Now suppose I want to integrate this Bessel function. Let $k \in \mathbb{R}^2$ be non-zero, and let $\rho$ be large but independent of both $k$ and $r$. Is the following valid?

$$\displaystyle \int_{0}^{|k|}|J_{1}(\rho r)| \ \mathrm{d}r \leqslant C\rho^{-1/2}\int_{0}^{|k|}r^{-1/2} \ \mathrm{d}r = C\rho^{-1/2}|k|^{1/2}.$$

Here, $C$ is some constant, and $\rho \to \infty$. This seems a bit naive, especially since the integral starts at $0$, which could mean my asymptotics aren't valid. Am I allowed to argue like this?

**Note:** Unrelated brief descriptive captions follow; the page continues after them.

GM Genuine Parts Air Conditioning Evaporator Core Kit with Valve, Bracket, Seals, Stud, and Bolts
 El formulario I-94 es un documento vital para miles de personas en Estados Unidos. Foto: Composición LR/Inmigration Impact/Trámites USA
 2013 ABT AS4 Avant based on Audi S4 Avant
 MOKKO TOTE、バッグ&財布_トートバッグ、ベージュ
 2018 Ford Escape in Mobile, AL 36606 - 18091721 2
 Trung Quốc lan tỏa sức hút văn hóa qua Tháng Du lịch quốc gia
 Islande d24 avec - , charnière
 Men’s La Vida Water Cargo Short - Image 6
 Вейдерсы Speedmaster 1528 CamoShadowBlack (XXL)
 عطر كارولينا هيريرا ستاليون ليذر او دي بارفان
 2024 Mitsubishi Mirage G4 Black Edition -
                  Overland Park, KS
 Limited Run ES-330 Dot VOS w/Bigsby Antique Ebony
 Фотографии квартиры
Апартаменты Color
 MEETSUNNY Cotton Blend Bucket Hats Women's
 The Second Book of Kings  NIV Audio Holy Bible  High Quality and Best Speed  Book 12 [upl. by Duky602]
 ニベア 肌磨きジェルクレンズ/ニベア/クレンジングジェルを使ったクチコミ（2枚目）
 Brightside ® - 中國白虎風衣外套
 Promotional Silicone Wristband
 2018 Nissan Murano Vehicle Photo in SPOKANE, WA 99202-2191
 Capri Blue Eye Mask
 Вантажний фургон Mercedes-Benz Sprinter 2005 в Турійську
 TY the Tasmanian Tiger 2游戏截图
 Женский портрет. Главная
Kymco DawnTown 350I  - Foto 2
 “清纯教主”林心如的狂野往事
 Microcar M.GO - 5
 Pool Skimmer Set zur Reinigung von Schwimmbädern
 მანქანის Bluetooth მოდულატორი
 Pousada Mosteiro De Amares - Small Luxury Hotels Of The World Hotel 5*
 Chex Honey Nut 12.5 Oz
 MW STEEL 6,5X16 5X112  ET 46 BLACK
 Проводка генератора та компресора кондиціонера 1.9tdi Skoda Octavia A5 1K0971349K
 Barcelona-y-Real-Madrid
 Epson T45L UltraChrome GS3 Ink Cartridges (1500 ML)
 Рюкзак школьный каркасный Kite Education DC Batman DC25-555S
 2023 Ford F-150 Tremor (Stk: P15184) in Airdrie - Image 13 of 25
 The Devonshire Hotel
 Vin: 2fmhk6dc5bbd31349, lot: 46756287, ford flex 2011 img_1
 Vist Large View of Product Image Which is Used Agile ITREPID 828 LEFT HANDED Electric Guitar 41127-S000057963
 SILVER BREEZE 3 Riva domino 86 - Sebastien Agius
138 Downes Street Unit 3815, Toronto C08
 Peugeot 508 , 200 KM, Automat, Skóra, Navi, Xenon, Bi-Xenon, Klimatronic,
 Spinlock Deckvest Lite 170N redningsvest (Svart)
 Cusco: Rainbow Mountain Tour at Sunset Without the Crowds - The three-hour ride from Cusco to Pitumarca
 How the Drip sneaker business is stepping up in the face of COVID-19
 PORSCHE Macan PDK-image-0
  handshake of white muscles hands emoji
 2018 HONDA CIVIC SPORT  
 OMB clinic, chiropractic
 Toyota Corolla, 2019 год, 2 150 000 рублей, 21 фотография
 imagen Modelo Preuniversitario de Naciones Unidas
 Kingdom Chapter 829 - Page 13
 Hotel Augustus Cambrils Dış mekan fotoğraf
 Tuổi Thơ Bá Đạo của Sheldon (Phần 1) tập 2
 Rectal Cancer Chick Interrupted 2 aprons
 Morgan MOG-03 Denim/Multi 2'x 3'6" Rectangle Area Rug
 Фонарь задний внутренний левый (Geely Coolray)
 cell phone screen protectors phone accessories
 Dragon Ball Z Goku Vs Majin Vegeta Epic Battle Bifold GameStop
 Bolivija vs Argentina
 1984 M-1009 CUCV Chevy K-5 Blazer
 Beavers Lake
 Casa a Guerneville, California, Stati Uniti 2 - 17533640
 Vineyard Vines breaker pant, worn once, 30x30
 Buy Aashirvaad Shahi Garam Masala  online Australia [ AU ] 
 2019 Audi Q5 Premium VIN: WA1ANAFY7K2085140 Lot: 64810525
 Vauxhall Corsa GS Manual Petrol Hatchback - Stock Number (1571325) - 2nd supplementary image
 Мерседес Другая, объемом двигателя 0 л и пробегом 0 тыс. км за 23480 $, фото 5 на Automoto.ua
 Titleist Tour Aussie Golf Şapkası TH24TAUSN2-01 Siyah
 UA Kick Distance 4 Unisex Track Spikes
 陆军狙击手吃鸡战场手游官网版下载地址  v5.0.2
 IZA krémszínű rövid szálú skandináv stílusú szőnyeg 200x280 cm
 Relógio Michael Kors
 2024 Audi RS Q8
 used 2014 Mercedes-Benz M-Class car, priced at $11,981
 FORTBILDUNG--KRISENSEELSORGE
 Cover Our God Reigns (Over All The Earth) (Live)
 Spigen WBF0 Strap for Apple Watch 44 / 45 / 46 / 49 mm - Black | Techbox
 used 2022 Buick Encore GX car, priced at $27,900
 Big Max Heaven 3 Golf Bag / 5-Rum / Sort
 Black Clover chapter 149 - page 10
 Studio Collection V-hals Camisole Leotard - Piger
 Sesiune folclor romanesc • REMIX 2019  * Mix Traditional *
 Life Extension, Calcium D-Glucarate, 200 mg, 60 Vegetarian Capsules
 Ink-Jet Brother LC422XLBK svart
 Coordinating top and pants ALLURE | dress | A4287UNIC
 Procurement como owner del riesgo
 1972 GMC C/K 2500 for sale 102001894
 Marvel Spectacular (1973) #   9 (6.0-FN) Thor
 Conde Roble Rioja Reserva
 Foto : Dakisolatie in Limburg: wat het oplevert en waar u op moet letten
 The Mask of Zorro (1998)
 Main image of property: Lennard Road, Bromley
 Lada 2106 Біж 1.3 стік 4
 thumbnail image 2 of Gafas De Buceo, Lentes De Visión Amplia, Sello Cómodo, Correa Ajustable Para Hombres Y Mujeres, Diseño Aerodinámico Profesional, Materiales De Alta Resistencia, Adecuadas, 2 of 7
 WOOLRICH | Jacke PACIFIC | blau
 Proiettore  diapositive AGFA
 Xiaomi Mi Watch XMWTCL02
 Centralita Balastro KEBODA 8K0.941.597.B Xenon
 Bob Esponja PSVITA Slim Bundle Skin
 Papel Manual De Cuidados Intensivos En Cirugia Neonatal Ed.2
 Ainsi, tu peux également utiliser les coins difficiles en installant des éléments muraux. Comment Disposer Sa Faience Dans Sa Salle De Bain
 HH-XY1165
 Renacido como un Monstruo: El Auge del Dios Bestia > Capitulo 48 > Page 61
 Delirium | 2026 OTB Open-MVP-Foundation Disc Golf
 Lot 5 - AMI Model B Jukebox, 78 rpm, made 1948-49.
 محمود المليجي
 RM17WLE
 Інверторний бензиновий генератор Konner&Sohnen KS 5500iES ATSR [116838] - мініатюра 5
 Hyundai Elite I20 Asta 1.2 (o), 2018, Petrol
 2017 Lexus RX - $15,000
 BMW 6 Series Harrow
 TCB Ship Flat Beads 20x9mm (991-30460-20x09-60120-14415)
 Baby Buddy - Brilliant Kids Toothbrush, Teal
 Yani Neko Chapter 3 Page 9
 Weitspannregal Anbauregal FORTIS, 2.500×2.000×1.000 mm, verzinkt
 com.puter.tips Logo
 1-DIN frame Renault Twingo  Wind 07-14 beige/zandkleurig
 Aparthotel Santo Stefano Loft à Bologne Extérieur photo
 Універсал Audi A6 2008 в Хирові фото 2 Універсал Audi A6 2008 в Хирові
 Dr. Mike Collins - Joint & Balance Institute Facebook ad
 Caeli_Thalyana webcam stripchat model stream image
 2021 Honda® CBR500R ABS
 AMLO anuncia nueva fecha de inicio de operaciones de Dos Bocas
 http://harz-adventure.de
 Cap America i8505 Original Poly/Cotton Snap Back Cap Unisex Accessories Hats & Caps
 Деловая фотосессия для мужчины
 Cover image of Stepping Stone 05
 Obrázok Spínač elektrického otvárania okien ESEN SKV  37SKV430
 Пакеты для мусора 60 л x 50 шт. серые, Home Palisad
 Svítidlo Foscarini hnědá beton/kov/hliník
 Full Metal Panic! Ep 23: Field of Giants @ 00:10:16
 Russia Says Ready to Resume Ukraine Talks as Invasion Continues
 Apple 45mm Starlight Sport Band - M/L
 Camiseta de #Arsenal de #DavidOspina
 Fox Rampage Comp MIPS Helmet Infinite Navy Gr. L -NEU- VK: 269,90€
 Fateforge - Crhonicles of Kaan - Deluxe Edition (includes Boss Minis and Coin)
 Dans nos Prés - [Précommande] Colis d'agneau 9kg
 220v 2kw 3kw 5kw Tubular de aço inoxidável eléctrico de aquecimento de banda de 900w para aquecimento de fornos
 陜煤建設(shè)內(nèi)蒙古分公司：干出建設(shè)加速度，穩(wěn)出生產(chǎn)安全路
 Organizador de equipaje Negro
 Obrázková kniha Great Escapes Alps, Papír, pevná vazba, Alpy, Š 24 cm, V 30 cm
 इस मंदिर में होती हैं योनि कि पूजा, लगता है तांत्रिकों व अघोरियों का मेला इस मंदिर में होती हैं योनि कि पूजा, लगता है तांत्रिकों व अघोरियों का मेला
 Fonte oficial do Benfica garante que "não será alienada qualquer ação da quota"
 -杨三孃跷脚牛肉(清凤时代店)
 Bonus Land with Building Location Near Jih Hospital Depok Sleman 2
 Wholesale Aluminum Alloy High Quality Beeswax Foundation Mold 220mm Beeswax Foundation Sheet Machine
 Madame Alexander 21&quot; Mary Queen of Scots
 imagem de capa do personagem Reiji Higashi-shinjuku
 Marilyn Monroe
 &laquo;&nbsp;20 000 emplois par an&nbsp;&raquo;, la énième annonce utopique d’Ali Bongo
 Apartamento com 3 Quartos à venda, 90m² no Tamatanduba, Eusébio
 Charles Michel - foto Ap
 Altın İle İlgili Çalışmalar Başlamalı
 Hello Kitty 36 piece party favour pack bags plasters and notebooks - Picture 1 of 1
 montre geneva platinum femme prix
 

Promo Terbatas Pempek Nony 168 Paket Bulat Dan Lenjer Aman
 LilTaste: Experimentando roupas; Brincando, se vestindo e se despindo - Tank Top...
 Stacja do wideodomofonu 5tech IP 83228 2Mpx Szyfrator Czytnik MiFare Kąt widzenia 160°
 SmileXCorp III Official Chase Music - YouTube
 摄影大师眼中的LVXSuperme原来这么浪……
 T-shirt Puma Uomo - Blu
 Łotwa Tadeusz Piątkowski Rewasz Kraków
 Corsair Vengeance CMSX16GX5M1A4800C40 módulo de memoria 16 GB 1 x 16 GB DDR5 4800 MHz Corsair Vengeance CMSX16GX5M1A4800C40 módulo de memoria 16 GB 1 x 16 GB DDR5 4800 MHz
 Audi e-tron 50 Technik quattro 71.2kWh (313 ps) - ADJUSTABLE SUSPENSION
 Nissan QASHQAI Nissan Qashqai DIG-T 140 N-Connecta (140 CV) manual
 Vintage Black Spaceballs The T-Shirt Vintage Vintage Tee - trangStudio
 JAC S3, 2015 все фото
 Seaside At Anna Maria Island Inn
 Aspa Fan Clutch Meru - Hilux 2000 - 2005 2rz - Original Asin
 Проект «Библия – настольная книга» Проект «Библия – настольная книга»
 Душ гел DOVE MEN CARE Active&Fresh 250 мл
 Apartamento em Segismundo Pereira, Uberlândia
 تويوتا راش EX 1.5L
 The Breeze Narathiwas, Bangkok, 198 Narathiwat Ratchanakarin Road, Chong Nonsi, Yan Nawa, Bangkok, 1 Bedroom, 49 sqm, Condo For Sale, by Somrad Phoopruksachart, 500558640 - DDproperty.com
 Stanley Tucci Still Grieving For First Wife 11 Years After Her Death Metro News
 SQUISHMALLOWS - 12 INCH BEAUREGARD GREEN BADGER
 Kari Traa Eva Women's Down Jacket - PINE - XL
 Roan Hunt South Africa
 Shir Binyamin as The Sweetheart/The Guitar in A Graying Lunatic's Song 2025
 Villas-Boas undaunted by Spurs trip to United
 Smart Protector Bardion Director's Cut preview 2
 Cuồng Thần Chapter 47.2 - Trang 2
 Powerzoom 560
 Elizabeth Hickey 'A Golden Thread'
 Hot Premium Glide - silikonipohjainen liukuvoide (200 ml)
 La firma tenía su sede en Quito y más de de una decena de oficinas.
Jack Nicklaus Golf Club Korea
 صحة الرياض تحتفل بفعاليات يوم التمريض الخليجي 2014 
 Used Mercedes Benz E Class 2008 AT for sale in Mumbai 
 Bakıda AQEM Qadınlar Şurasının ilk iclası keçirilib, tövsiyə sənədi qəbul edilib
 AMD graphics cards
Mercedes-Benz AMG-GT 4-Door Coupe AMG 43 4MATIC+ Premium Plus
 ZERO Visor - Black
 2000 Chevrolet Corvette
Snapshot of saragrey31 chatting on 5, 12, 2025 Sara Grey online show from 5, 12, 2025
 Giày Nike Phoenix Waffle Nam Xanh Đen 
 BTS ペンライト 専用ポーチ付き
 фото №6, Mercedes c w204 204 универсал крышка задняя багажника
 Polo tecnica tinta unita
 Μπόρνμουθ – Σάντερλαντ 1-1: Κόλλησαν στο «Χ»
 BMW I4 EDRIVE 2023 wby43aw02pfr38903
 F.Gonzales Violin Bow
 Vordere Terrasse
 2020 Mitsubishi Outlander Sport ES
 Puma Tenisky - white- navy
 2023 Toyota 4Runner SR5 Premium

Note: I am aware that this integral can be done directly (the anti-derivative of the integrand is $-J_{0}(x)\text{sgn}(x)$). However, I'd just like to know if the idea works, so I can apply it to more complicated scenarios.

Answer 1

If $z\ll 1$ we have (by Taylor series) $$ J_{\nu}(z)\approx \frac{1}{\Gamma(\nu+1)}\left(\frac{z}{2}\right)^\nu \tag{1}$$ and if $z\gg \nu^2$ we have (by Laplace's method) $$ J_{\nu}(z)\approx \sqrt{\frac{2}{\pi z}}\cos\left(z-\frac{\nu \pi}{2}-\frac{\pi}{4}\right)\tag{2} $$ Obviously, if we need to approximate an integral in a right neighbourhood of the origin we may only use $(1)$, since $(2)$ is not granted to hold. We may even say $(2)$ cannot hold in a neighbourhood of the origin, since $J_\nu(z)$ does not have a singularity at $z=0$ (it is an entire function!).

For practical purposes, it is often convenient to recall that $$ \mathcal{L}(J_1(x)) = \frac{1}{\sqrt{1+s^2} \left(s+\sqrt{1+s^2}\right)} \tag{3} $$ and exploit the Cauchy-Schwarz inequality, too.